Markus kemudian menceritakan bagaimana kronologis kejadiannya sekaligus menyebutkan nama-nama tersebut.

Di dalam persidangan, Markus juga kembali menyebutkan adanya keterlibatan oknum Anggota DPRD Pontianak, STR dan JM. Peran STR kata Markus, yakni sebagai perantara yang menyambungkan dirinya dengan YSK melalui RA.

Markus berucap, ia menghubungi JM karena perannya yang krusial pada pekerjaan rehabilitasi Jembatan Timbang Siantan atau UPPKB Siantan Tahap IV.

Setelah itu kata dia, JM mengarahkan untuk menghubungi oknum Anggota DPRD Pontianak, STR yang kemudian dihubungkan ke YSK melalui RA untuk mempertanyakan terkait kasus yang menjeratnya.

“Akhirnya saya dimintai uang Rp 1 miliar yang kemudian terpaksa harus saya beri dengan cara meminjam ke sana-sini untuk memenuhi permintaan itu,” ungkap Markus.

Dirinya menyatakan, untuk menyerahkan uang yang diminta, ia lalu menuju rumah dinas STR dengan membawa uang Rp 1 miliar, akan tetapi ketika ia sampai, ternyata JM dan STR keluar dari rumah dinas dan menghampirinya sembari mengatakan kesepakatan itu tidak jadi dipenuhi.

“Karena STR meminta nominalnya ditambah menjadi Rp 2 miliar yang pada akhirnya saya tidak mampu untuk memenuhi hal tersebut,” sebut Markus.

Baca Juga :  Banyak Atlet Pelajar Berprestasi, Kalbar Jadi Tuan Rumah Kejurnas Angkat Besi PPLP/D

Dalam persidangan tersebut, Markus juga menjelaskan kronologi dirinya menghubungi MS yang memiliki relasi untuk dapat menghubungkan ia dengan YSK untuk mempertanyakan apakah benar penyampaian dari STR mengenai jumlah uang yang diminta.

MS yang berperan sebagai perantara, kemudian menyampaikan kepada dirinya bahwa YSK meminta uang Rp 100 juta, dan saat itu MS diperintahkan YSK meminta uang tersebut untuk keperluannya liburan.
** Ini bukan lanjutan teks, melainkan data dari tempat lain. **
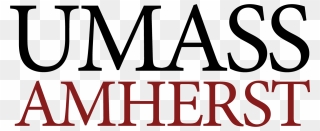 University Of Mass Amherst Logo Clipart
Uang tersebut kemudian diberikan oleh Markus ke MS yang kemudian diserahkan di sebuah rumah makan di Jalan Sultan Syarif Abddurahman.

“Saya juga dimintai uang tunai melalui MS untuk diserahkan ke YSK sebanyak tiga kali, yang pertama sekitar tanggal 29 Mei tahun 2023 senilai Rp 100 juta,” terang Markus.

Setelah beberapa waktu kemudian, MS kembali mengabarkan bahwa YSK meminta lagi uang Rp 800 juta untuk yang kedua kalinya.

“Selang satu minggu, saya lupa tepatnya tanggal berapa, akan tetapi hal ini terjadi setelah masuk pada bulan Juni 2023, MS mengabari saya bahwa YSK meminta uang Rp 800 juta dan saya mengantarkannya ke tempat yang sama dengan sebelumnya,” ucap Markus.

Namun tak lama kemudian, MS Kembali mengabarkan kalu YSK meminta uang lagi untuk yang ketiga kalinya sebesar Rp 1,5 miliar untuk menutup kasus ini.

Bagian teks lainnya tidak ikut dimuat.